=== Dataset content ===

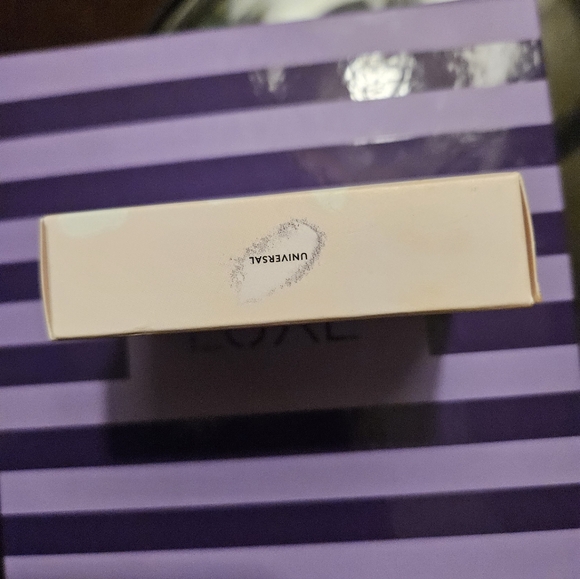 Fenty Beauty By Rihanna Invisimatte Instant Powder In Universal 8.5g NIB - Picture 6 of 6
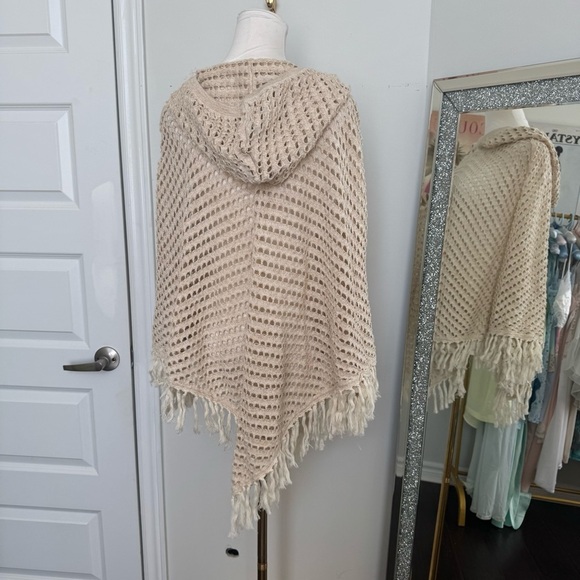 Aerie Cream Knit Poncho Sweater with Fringe oversized shimmer XS boho Beachy - Picture 4 of 5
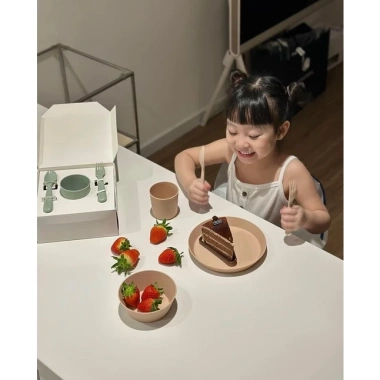 Bộ 5 món dụng cụ ăn dặm cho bé - Bát Đĩa Cốc Thìa Nĩa pastel Kinni, Made in Việt Nam, an toàn, giảm giá 350.000₫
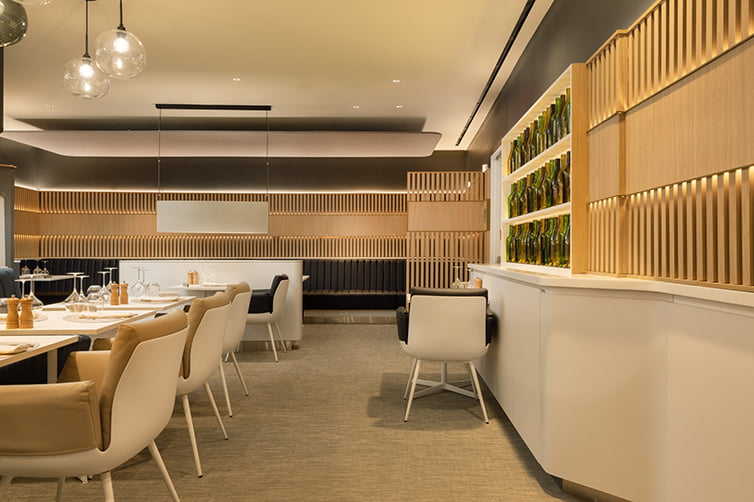 Master Oak in Lufthansa lounge Newark Airport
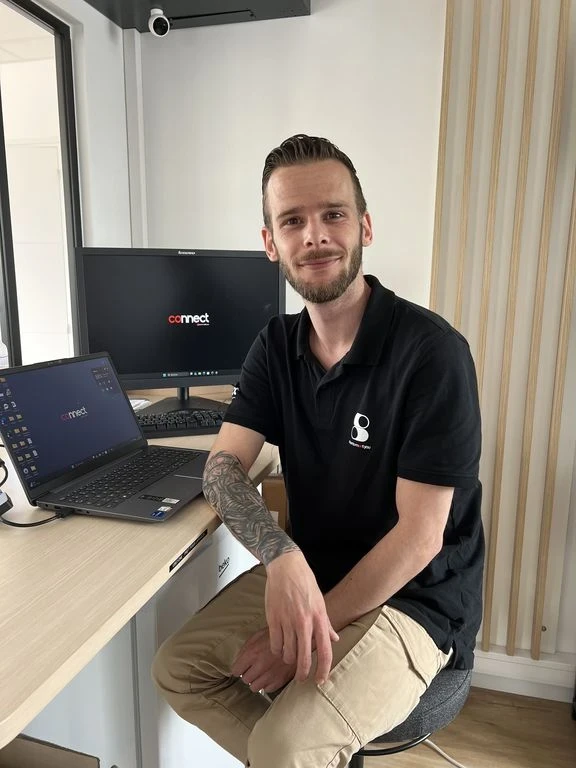 Julien SOULA, Technico-Commercial Polyvalent chez Connect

===

Retype every record above exactly as written, but leave out the pictures.

 Fenty Beauty By Rihanna Invisimatte Instant Powder In Universal 8.5g NIB - Picture 6 of 6
 Aerie Cream Knit Poncho Sweater with Fringe oversized shimmer XS boho Beachy - Picture 4 of 5
 Bộ 5 món dụng cụ ăn dặm cho bé - Bát Đĩa Cốc Thìa Nĩa pastel Kinni, Made in Việt Nam, an toàn, giảm giá 350.000₫
 Master Oak in Lufthansa lounge Newark Airport
 Julien SOULA, Technico-Commercial Polyvalent chez Connect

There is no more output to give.